How did you become such an advocate for these issues and combine this relationship of military and veteran issues with your career in Congress?
Of all the things I’ve done in my life, and I’ve lived a very blessed life, the best thing I’ve ever done personally as Lindsey Graham, as an individual, was to join the United States Air Force, become a judge advocate, and a member of the Air Force legal team. Good lawyers understand and know their clients. I think I understand the Air Force and consequently have some understanding of the military. I really have gotten more out of my service than I give. It was and continues to be the highlight of my life in many ways.
Years ago about half the Senate were members of the National Guard and the Reserves. Strom Thurmond was a two-star general in the Reserves. Barry Goldwater was a two-star general in the Air Force Reserves. It used to be that a lot of members of Congress served as Guard and Reserve members. I’m the only one in the Senate now. So, I try to rededicate myself every day and every week to make sure that I use these experiences to the benefit of the force as a whole. I do small Reserve tours in Iraq and Afghanistan, and have learned more about what’s going on there during my Reserve duties than I would in a congressional delegation, particularly in regard to rule-of-law issues.

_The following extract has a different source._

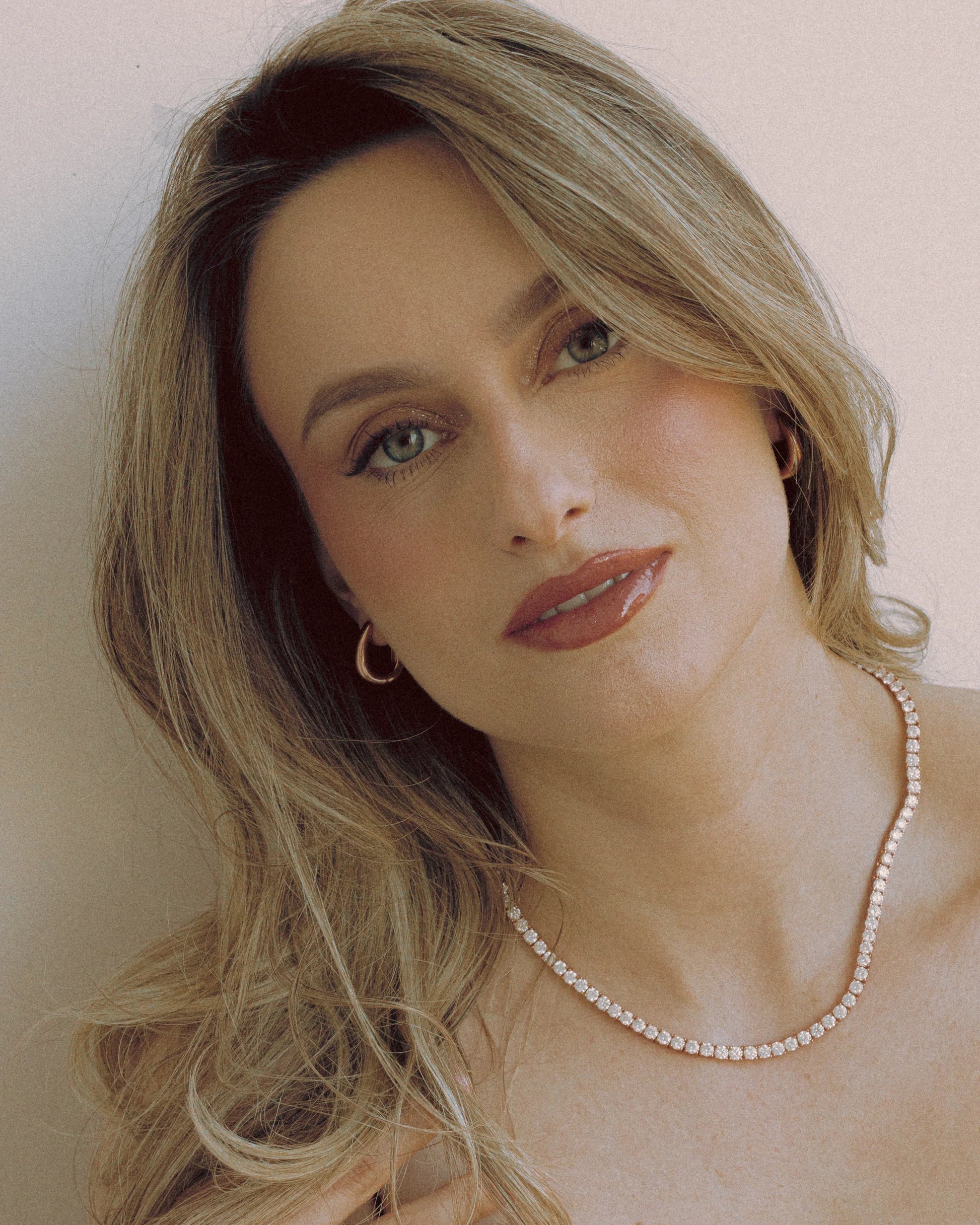 Molten Hoops Earrings by Goldmacher – Sculptural fluid-shaped hoops shown on model for an elegant statement look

So, I take that knowledge and experience pertaining to the issues. In fact, I take that back to my day job and I think it’s made me a better Senator. The passion comes from knowing the people. I’m in a business where it’s tough. People talk about what they can’t do, what they won’t do. In the military, you talk about what you have to do and your mission. “We will, we can,” is the motto at the base that I was serving in Afghanistan recently. It’s good that I’m allowed to occasionally get out of Washington and go to a military environment with people of different backgrounds are working together to solve a problem. It just helps me in every way possible.
It certainly explains why you want to continue to serve in the Air Force Reserve.

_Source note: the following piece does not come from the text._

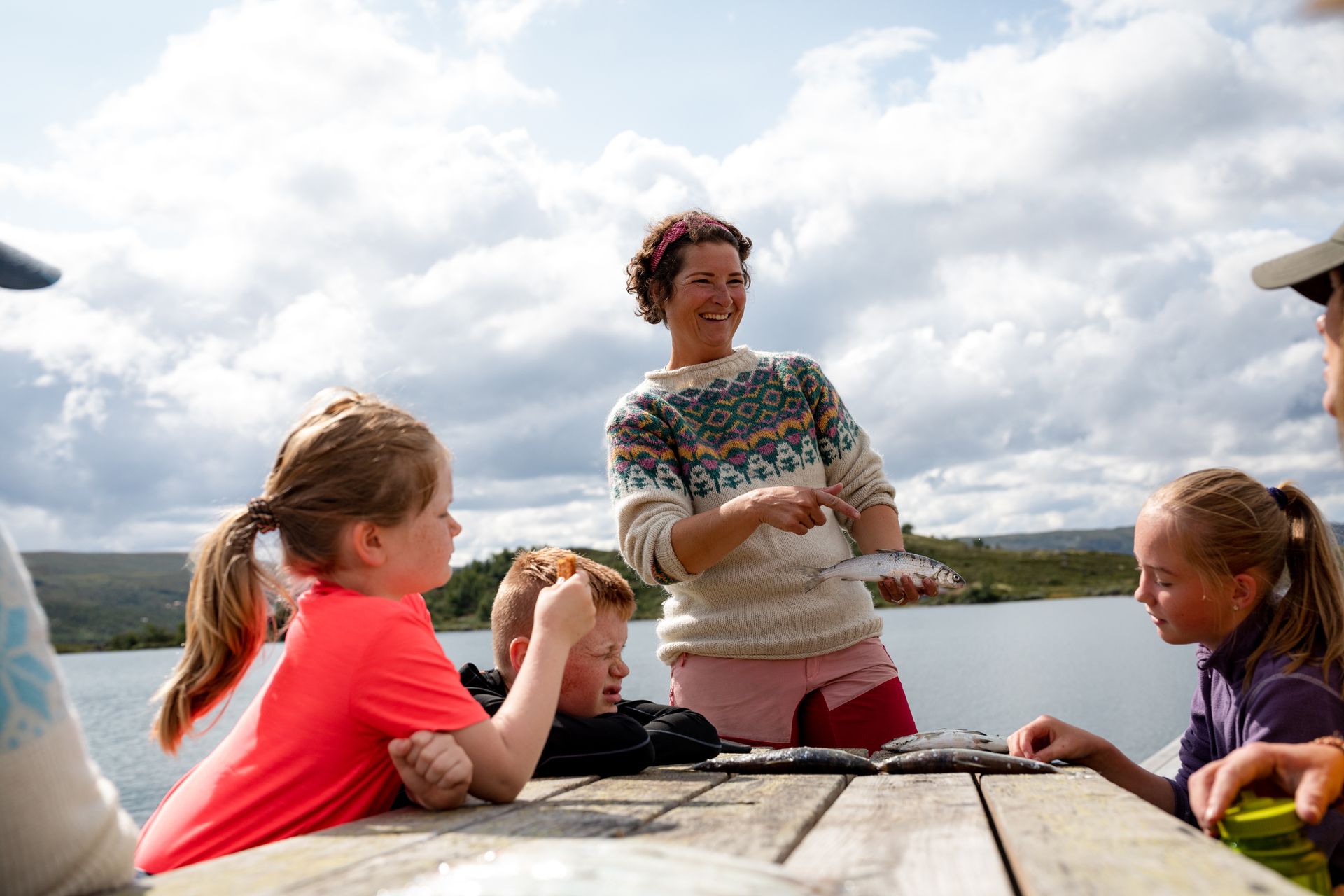 Hilde shows off their catch ( fish )  to the children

Absolutely! I think it gives me an opportunity to learn about issues I wouldn’t have known about otherwise. Getting away from politics and back into uniform is a morale booster for me.

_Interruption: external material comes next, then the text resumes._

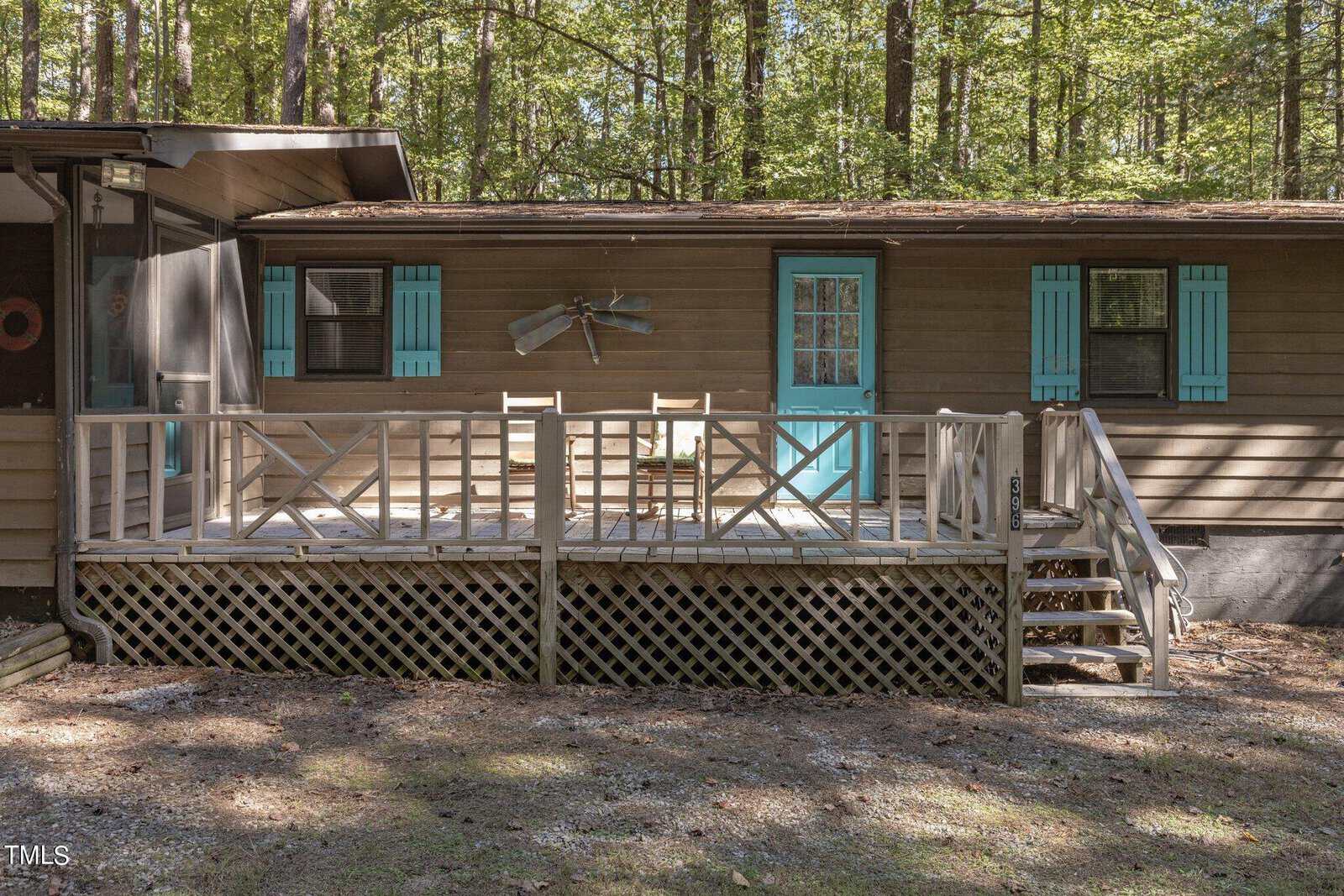 A rustic cabin with a porch in a wooded area. The porch has two wooden chairs and is accessible by a small set of stairs. The cabin has blue window shutters and a teal door. Surrounded by tall trees, the cabin has a peaceful, natural setting.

You’ve been working with the governments in Iraq and Afghanistan on the development of their legal systems and processes. Can you tell us a little about your recent work and what some of your experiences and observations have been?
I work on the rule of law programs in Iraq and Afghanistan. When you think about it, democracy is more than voting. You know, Saddam Hussein allowed people to vote. He got 100 percent of the votes. As a dictator, he was able to do that.
The point I’m making is that the rule of law protects the losers of elections. In the Middle East, if you lose the election, you can lose everything. So people fight to the death over there.
Here, if you lose the election you don’t lose anything but your job. You don’t lose your ability to come back. The rule of law is to make sure that if you find yourself in a courtroom, the questions are about what you did, not who you are.
We’re trying to develop courthouses in the outer reaches of Afghanistan. We’re trying to blend a tribal justice system with a formal justice system. We’re training judges and their lawyers.
One of the first things that Gen. Petraeus did was to provide security for judges. No rule of law program can work if the judges are subject to assassination. We’re working to create a “Uniform Code of Military Justice” for the Afghan army that is up and running. I was involved in helping create that program. They’re starting to do courts-martial now.
No military can operate without a well-disciplined force. Military justice has to be firm and fair. So, we’re doing that with the Iraqi army. I’ve had a wonderful opportunity as a Judge Advocate to work with Afghans and Iraqis while building up their judicial capacity.
I hope we leave behind in Iraq and Afghanistan a political system that accommodates differences and a legal system that people trust and believe in. Militias are formed when the legal systems fail. My goal is to make sure that the Afghan legal system provides basic justice in a way that people do not feel that they have to take up arms against their government. We still have a long way to go but we’re making progress.